What if you are not fit?
Is exercise easier if you are fit?
In a November 2014 TEDxNewYork talk, social psychologist Emily Balcetis discussed why some people struggle more to exercise than others. Her team's answer was found not simply in how fit or unfit a person is, but in their perceptions. Balcetis said, “Some people literally see exercise as more difficult, while some see it as easier.”
Balcetis said self encouragement is important, but not enough to make a difference. According to the results of her team's research, unfit people saw the distance to an exercise goal as longer, unless they were highly motivated to get into better shape. Those who were more motivated to get in shape saw the distance as close, if not slightly closer than those who were already in better shape.

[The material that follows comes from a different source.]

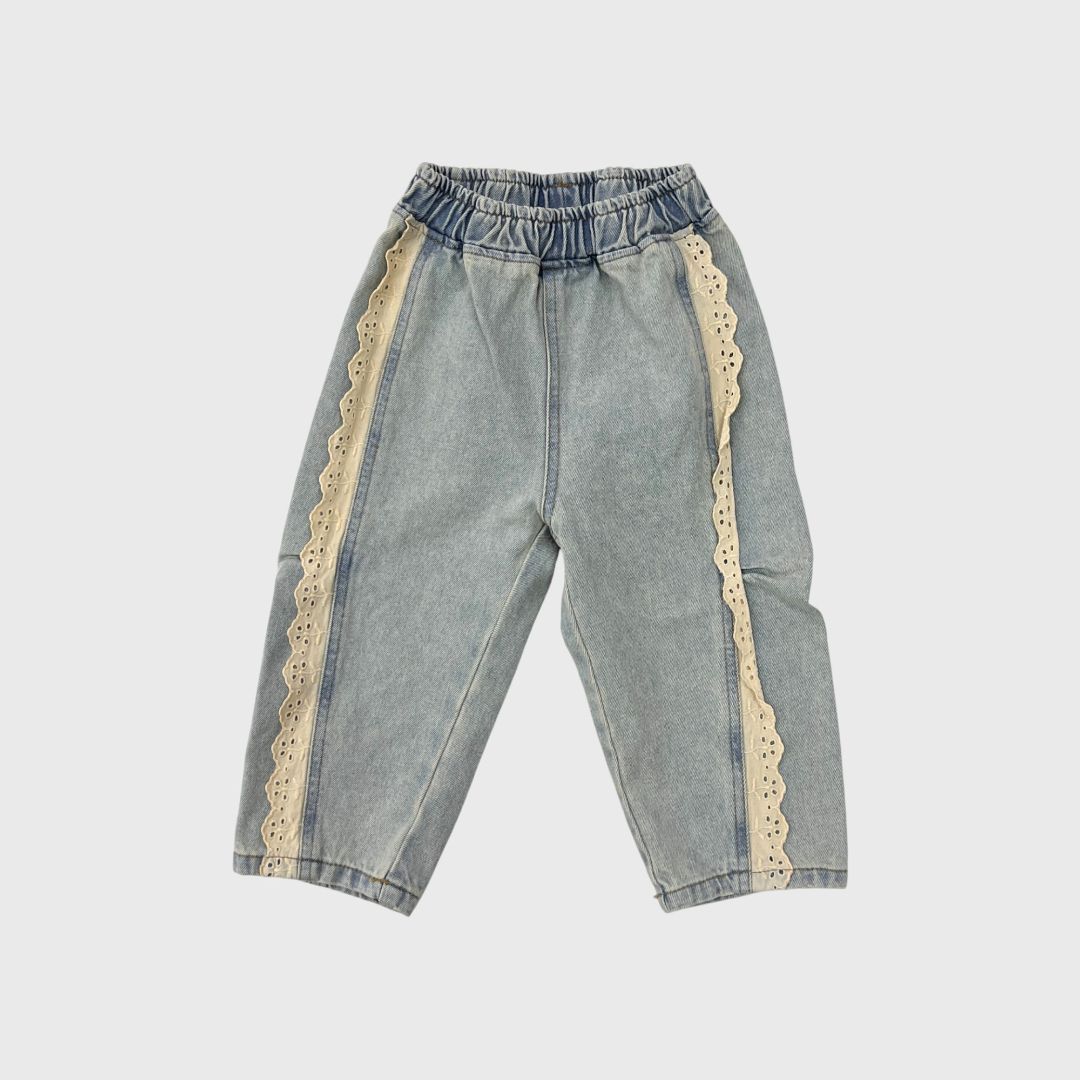 Джинсовые брюки голубого цвета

Equally important was their focus on the finish line, the goal. Those who kept their eyes on the goal saw the finish line 30 percent closer than it actually was. In addition, those people moved 23 percent faster on their way to the goal and perceived 17 percent less exertion in themselves.

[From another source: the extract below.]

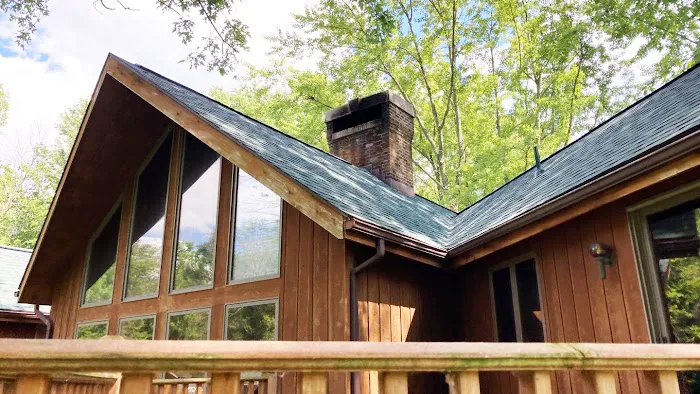 Oaks Roofing & Siding Picture 9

If you’re trying to start a fitness program, what does that mean for you?
First, set a goal, and make it achievable so you will be motivated to get there. If you can barely get off the couch at the end of the day, your first goal should not be to run a marathon. Your first goal should be much simpler, such as to walk to the front door and back, or maybe the mailbox. It should be easy enough that you say to yourself, “I can do that!”
Once you are able to regularly and easily attain that first goal, make a new goal. If you can now walk to the mailbox and back every day, double the distance, like to the corner and back. Don’t condemn yourself if your goal seems too small or you feel like you’re not moving fast enough. Every little bit helps.

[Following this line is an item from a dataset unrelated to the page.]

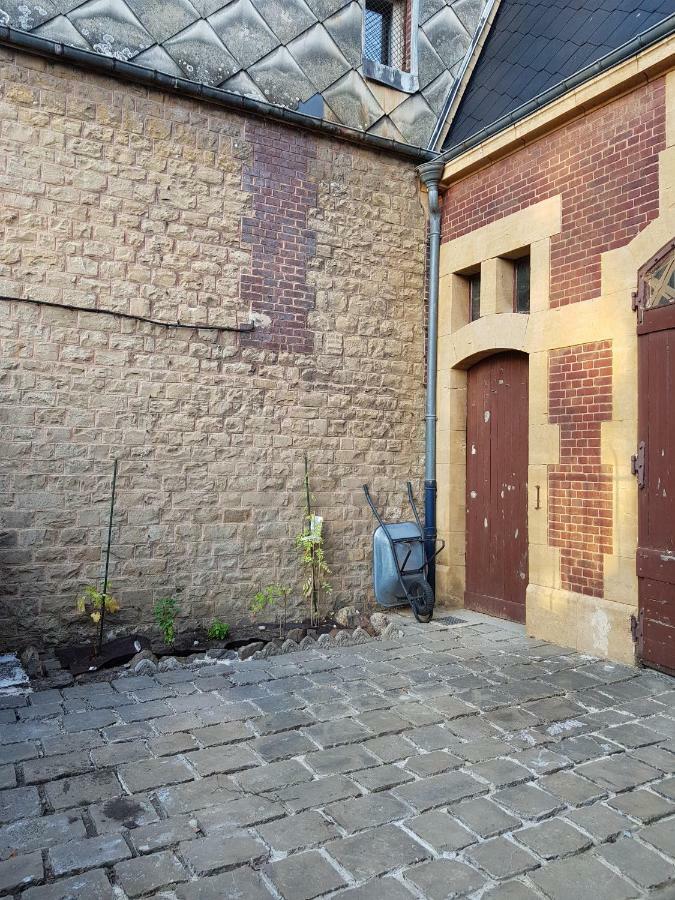 Appartement Atypique - 2 Chambres - Rue Calme Dans Centre Ville Sedan Bagian luar foto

Whenever you feel comfortable about your movement, add a new goal. Finally, when you think you have built a foundation of confidence, make an even larger fitness goal.
For example, if after two months you can walk two blocks and back, you could then set a goal measured in minutes or miles. Like 15 minutes or a half a mile. If you’re anything like me, you’ll need a landmark. I can easily walk to the sculpture in my local park and back. Turns out, that’s about a half a mile. If I instead said I was going to walk a half a mile, I would feel like it is too difficult.
Perception is a powerful weapon. We can use it to our advantage, or we can let it defeat us. We use it to our advantage when we set more frequent, manageable goals, celebrate them when we achieve them and then make new goals to replace the old.
As you progress, don’t think you can skip goal making (or keeping your eyes on them). As Balcetis’ research showed, this is key. Even the most fit among us need a goal. That is why there are so many races available to join.
When we hit setbacks, we can lose all the momentum, however. When that happens (and it happens to all of us at one time or another), first assess your situation. In most cases, you won't be set back to the original starting point. Take a little time to acknowledge and grieve all the progress you lost. Then reset your goals, focus on them and get going. You can do this!